Revolución y Utopía son dos conceptos abracadabrantes. Alfa y omega de un mismo sistema alternativo. El universo del Todo ya, aquí y ahora. El non plus ultra vital. Continente contenido. Significante significado. Y, en consecuencia, el eterno yunque de nuestra frustración. Ese ámbito cognitivo en el que el engreído Aquiles jamás es superado por la esforzada tortuga. Pero la condición Sísifo en sí misma no es algo rechazable, al contrario, implica voluntad de esperanza legada generacionalmente. El problema nace cuando Revolución y Utopía se convierten en consignas que envenenan nuestros sueños. Sueños de la razón que, como muestran los famosos grabados de Goya, tienen carácter dual. En cuanto fantasía abandonada a la razón, produce monstruos imposibles; unida a ella es madre de las artes y origen de las maravillas (copio la cita que explica las pinturas negras en el Museo del Prado).

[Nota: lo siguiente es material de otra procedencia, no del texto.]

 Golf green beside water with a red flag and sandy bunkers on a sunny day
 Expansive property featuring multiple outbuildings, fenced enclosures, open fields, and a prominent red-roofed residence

Desde que Platón escribiera la que se ha considerado la primera utopía política, La República, (en realidad distópica y despótica porque sacrificaba la libertad personal al igualitarismo uniformador), el género ha contado con ilustres propagandistas. Todos aquellos pensadores que de una u otra manera consideraron ilimitadas las capacidades de la razón, práctica o teórica, contribuyeron a enmarcarla dentro de lo posible en diferido. Por hablar solo de los tiempos modernos, René Descartes con su <<pienso, luego existo>>; Carlos Marx cuando sostiene que <<la humanidad solo se propone objetivos que puede alcanzar>>, en colisión con lo afirmado antes por su amigo y benefactor Friedrich Engels, quien en su libro Anti-Dühring había distinguido entre un socialismo utópico, disfuncional, y un socialismo científico, de probidad asegurada; incluso Max Weber se aproximó al secreto de la esfinge al declarar: <<el hombre no hubiera alcanzado lo posible a menos que, una y otra vez, no hubiera intentado lo imposible>>. Bien es cierto que en el caso del padre de la sociología comprensiva su acercamiento a la problemática utópica en la escena de lo social se construye distinguiendo entre acciones guiadas por la <<ética de la convicción>> y acciones encomendadas a la <<ética de la responsabilidad>>. Pero todos ellos tenían en común, de entrada, considerar la utopía un vástago del progreso y, en segundo término, al plantear la condición del hombre como ser social, que lo racional domina a lo emocional. Seguramente porque en mayor medida eran tributarios del Hegel de <<lo real es racional y lo racional real>> (Filosofía de la historia). Un silogismo que cobijó tanto al utopismo de izquierda (comunismo) como al utopismo de derecha (fascismo). Dos totalitarismos uncidos al Estado como supremo regulador para asaltar los cielos. Otro cantar es Hebert Marcuse y su ensayo El final de la utopía. Aquí por primera vez se liga la utopía y la emancipación al terreno de lo fáctico y realizable gracias al favorable grado de desarrollo económico. Dotando al pensamiento utópico hasta entonces dominante de aliento antiautoritario, el filósofo alemán señala que <<con las fuerzas productivas técnicamente disponibles, ya hoy es posible la eliminación material e intelectual del hambre y de la miseria>>.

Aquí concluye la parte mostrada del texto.